Scripture - Luke 9:43 - And they were all amazed at the greatness of God.
Quote - Harry Emerson Fosdick - Fear imprisons, faith liberates; fear paralyzes, faith empowers; fear disheartens, faith encourages; fear sickens, faith heals; fear makes useless, faith makes serviceable.
I'm sure that monday and tuesday's devotions were a bit challenging. The spiritual practice of recalling our pain and admitting our fears is not easy. But now we are fully prepared to experience the shocking and surprising joy of the Transfiguration, which I would suggest is another celebration of the Incarnation. What have we been prepared for? The interruption of pain and fear by the glorious new creation not only promised by God, but made present with us through Christ.
Jesus takes Peter, James & John on a hike up a mountain to pray. Amazing and miraculous things happen. Moses and Elijah, long departed from the earth, suddenly, impossibly appear. And Jesus begins to glow and flash like lightening. If we are honest, this might be the moment when you begin to wonder how on earth this story could have anyting to do with practical matters like pain and fear. You wouldn't be alone. We are witnessing an event, a phenomena that is rare to the point of being singular, it is easy to doubt that this happening could have anything practical to offer to us in our times of need.

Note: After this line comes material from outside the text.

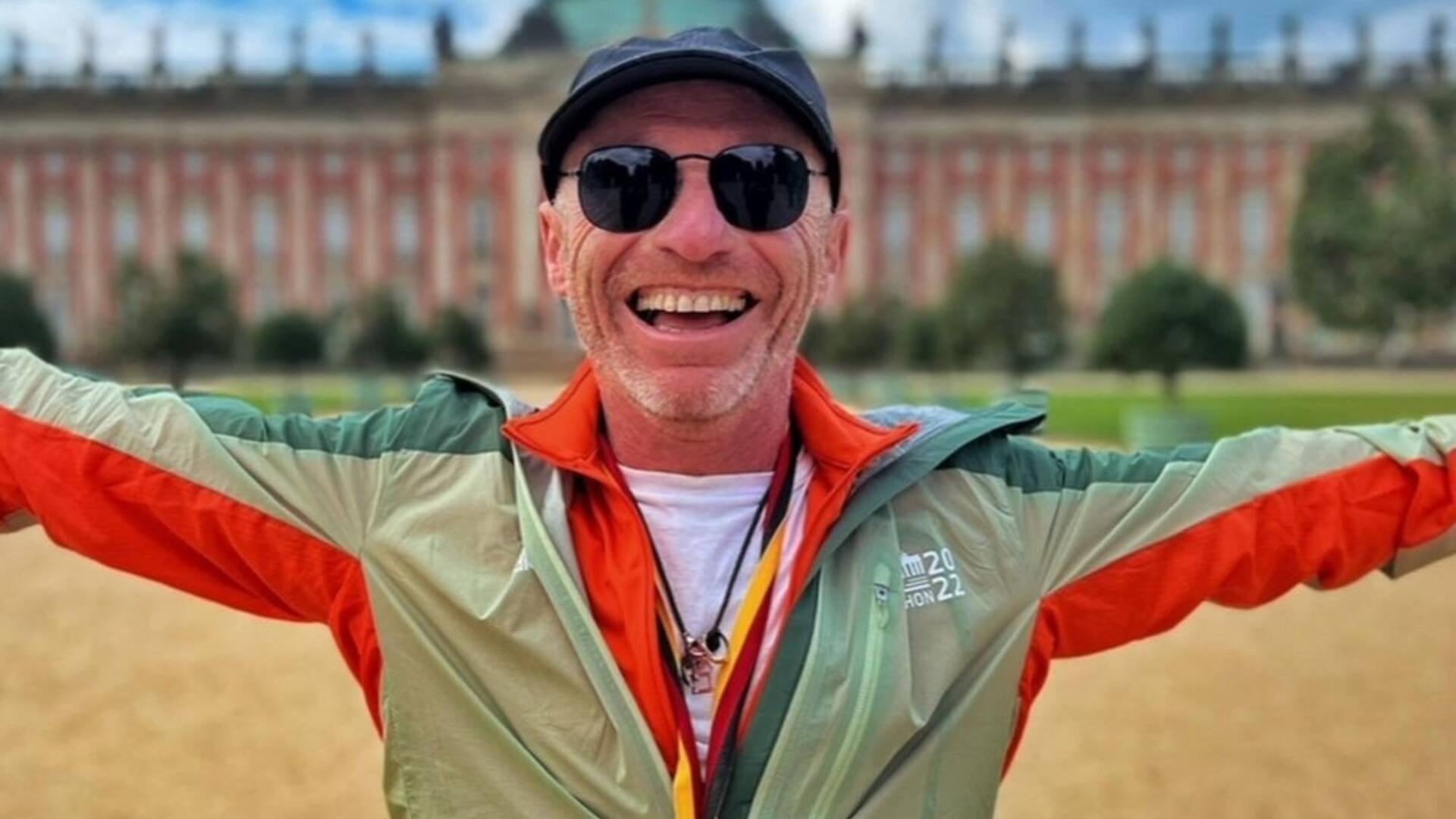 Roni comenzó a correr con su hermano 1.6 K en el Parque Centenario. En ese momento no sabía todo lo bueno que estaba por venir.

In the Advent and Christmas seasons we sing 'Hark the Herald, Angels Sing.' And one of the lines that we sing is 'veiled in flesh the Godhead see.' This moment we witness, with Jesus glowing on the mountaintop in the presence of Moses and Elijah, the unveiling of the Godhead. We see Jesus revealed. But not just Jesus, we see the future God has planned and prepared. The new creation, the reign of peace and justice is revealed (that is what Moses and Elijah symbolize). And even more, not just the future that is to come, that future impacts the present. The future is now. Which is probably why Jesus gets testy when the disciples still remain grounded in their fears and doubts. They have seen the future and its powerful intrusion in the present and still they succumb to doubt and fear.

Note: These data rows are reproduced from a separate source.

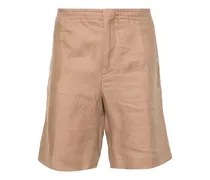 Oasi Lino Leinenshorts - Braun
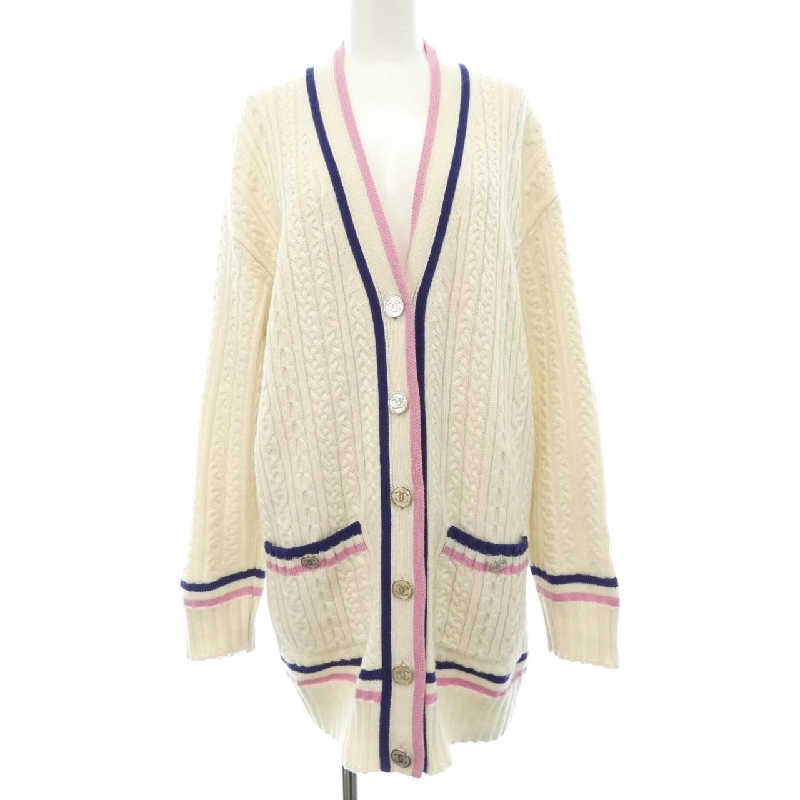 【Mã giảm giá】Áo khoác dài CHANEL 638078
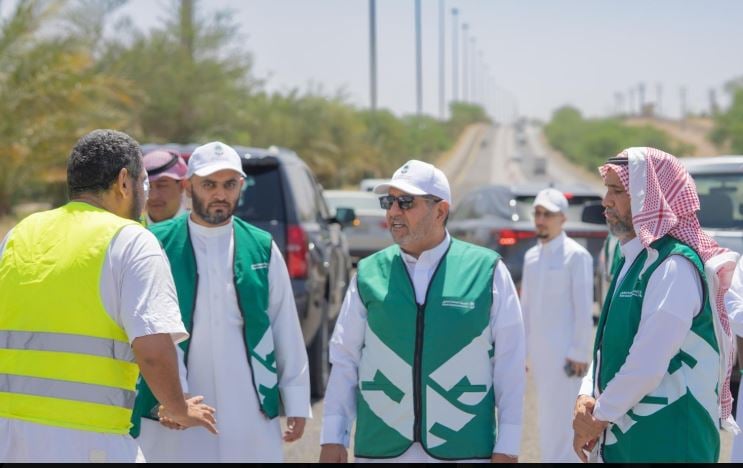 «الدلامي» يطّلع على الجهود الميدانية لرفع جودة وسلامة الطرق في منطقة القصيم 
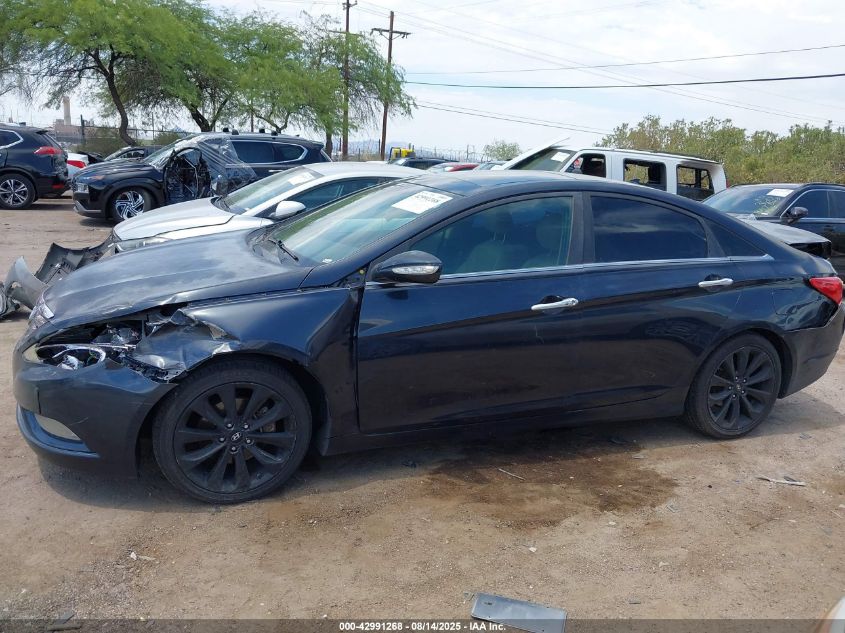 2012 Hyundai Sonata Limited 2.0T VIN: 5NPEC4AB0CH328871 Lot: 42991268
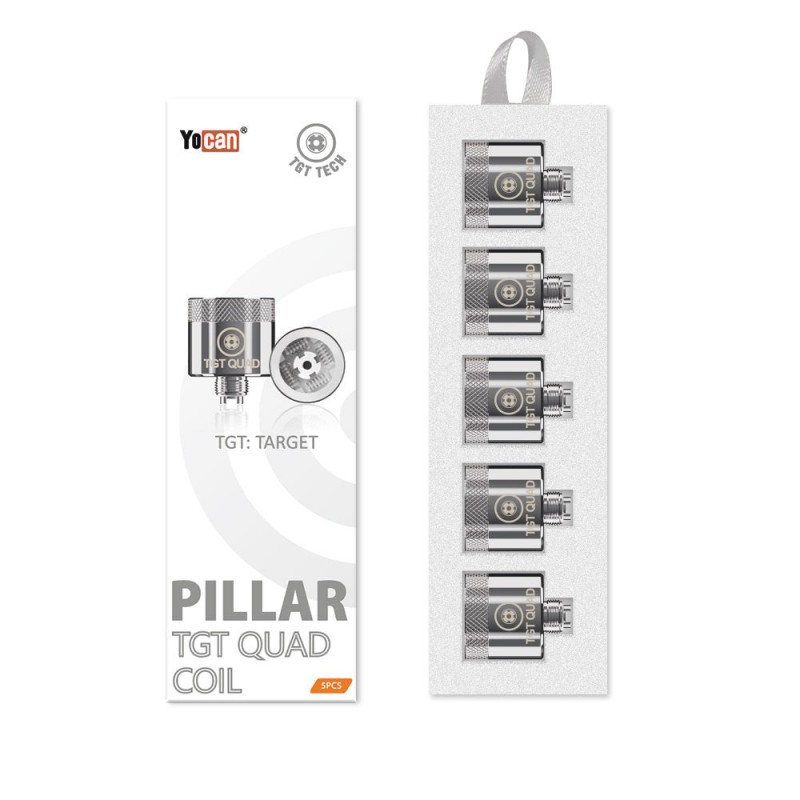 Yocan Pillar TGT Replacement Coils (5pcs/pack)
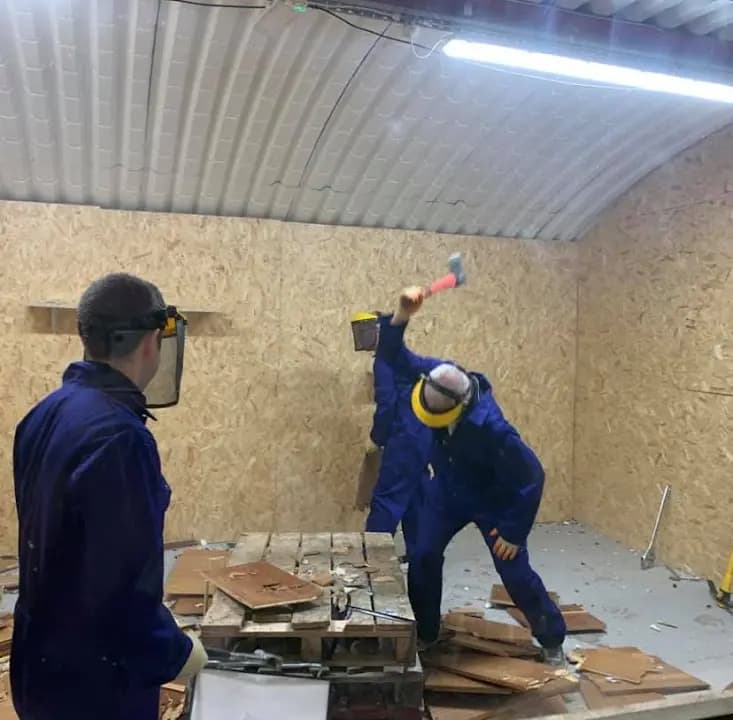 Photo of Wreck-It Room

But here is the point. The Transfiguration is a gift. Peter, James and John, three key leaders of the early church, in the midst of their fears and doubts are given a glimpse of the future and its impact on the present, so that they can serve with energy and face risk and sacrifice with courage. They are given empowerment and courage because they see the glory that is to come, the glory of God's reign that they can take some small but still significant part in preparing the world for. Pain and fear and doubt are interrupted by this gift. Which leads us to the question, what if we were not compelled or constricted by fear and doubt, but instead, by the gift of hope because we have seen the glory to come? What if we could see not only the struggle, but also the reward of our service and sacrifice and then respond with energy and courage? That is the key question that this story urges us to ask ourselves. Are we compelled by fear or by faith? And if by faith, what risk are we being charged with taking in order that the future glory of the Kingdom of God can be glimpsed in the present?
Prayer - The story of your Transfiguration is so far outside our normal experience, it is difficult to even believe. Forgive us for the temptation to dismiss the gift that is meant to raise within us wonder and awe. For these are gifts meant to inspire our courage to serve and follow faithfully. Use this amazing story to inspire our hope and our imagination. Use this blessed vision of the glory to come, to embody in ways grand and simple, the glory of the Kingdom of God, here and now, no matter the challenge or risk.